Question

The two forces${\overrightarrow{\mathbf{F}}}_1$and${\overrightarrow{\mathbf{F}}}_2$, as shown in Fig. 4–52 (a) and (b), (looking down) act on an 18.5 kg object on a frictionless tabletop. If${\mathbf{F}}_{\mathbf{1}}=\mathbf{10}\mathbf{.}\mathbf{2}\mathbf{N}$,and${\mathbf{F}}_{\mathbf{2}}=\mathbf{16}\mathbf{.}\mathbf{0}\mathbf{N}$, find the net force on the object and its acceleration for (a) and (b).

FIGURE 4-52 Problem 28.

Short answer

The net force and the acceleration are

(a) $19\mathrm{N}$and $1.03\mathrm{m}{/\mathrm{s}}^2$.
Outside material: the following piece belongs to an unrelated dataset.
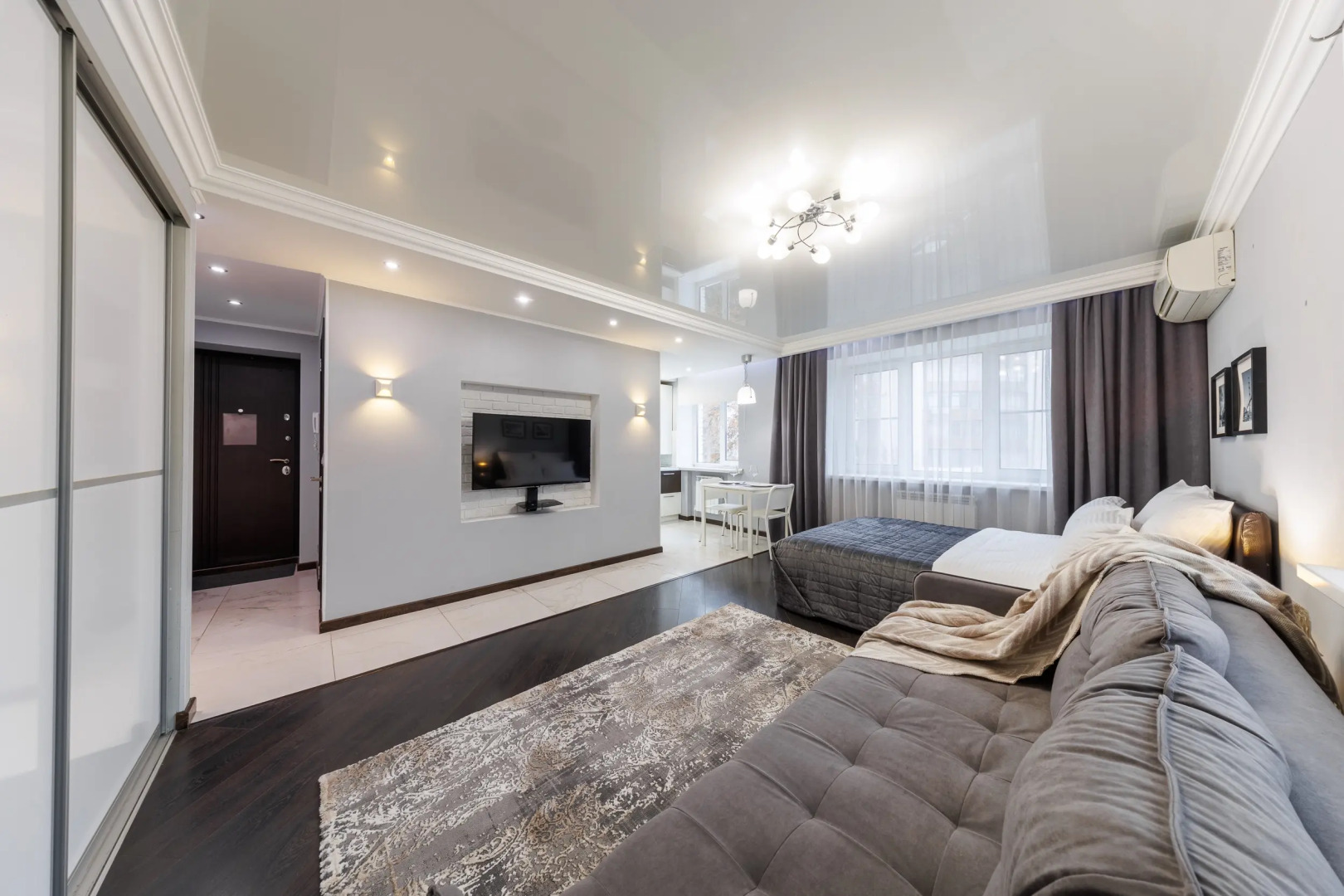 Квартира на Фрунзе 27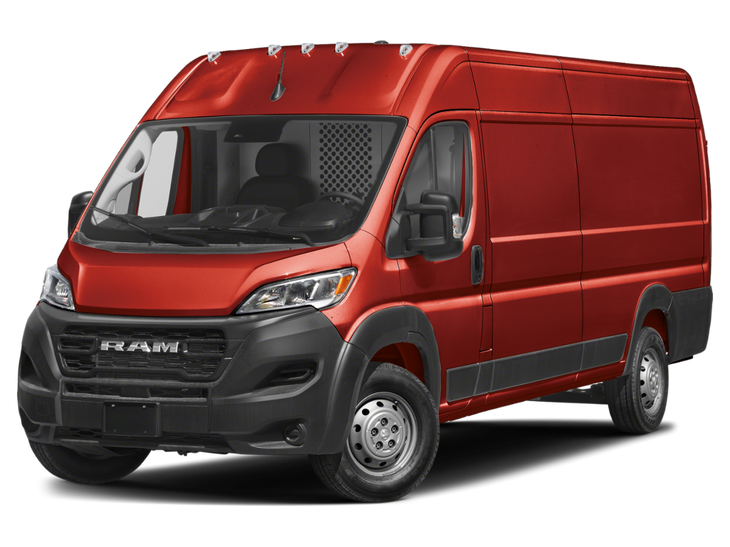 2025 Ram ProMaster fourgonnette utilitaire SLT+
(b) $14.03\mathrm{N}$and$0.76\mathrm{m}{/\mathrm{s}}^2$.

Step-by-step solution

Step 1. Newton’s second law

According to Newton’s second law, “the force acting on a body is equal to the product of the body’s acceleration and mass”.Mathematically, it is given as

$F=ma$.

Here, $m$is the mass of the body, and $a$is the acceleration of the body.

Step 2. Given information

Given data:

The first force is $F_1=10.2\mathrm{N}$.

The second force is $F_2=16.0\mathrm{N}$.

The mass of the object is $m=18.5\mathrm{kg}$.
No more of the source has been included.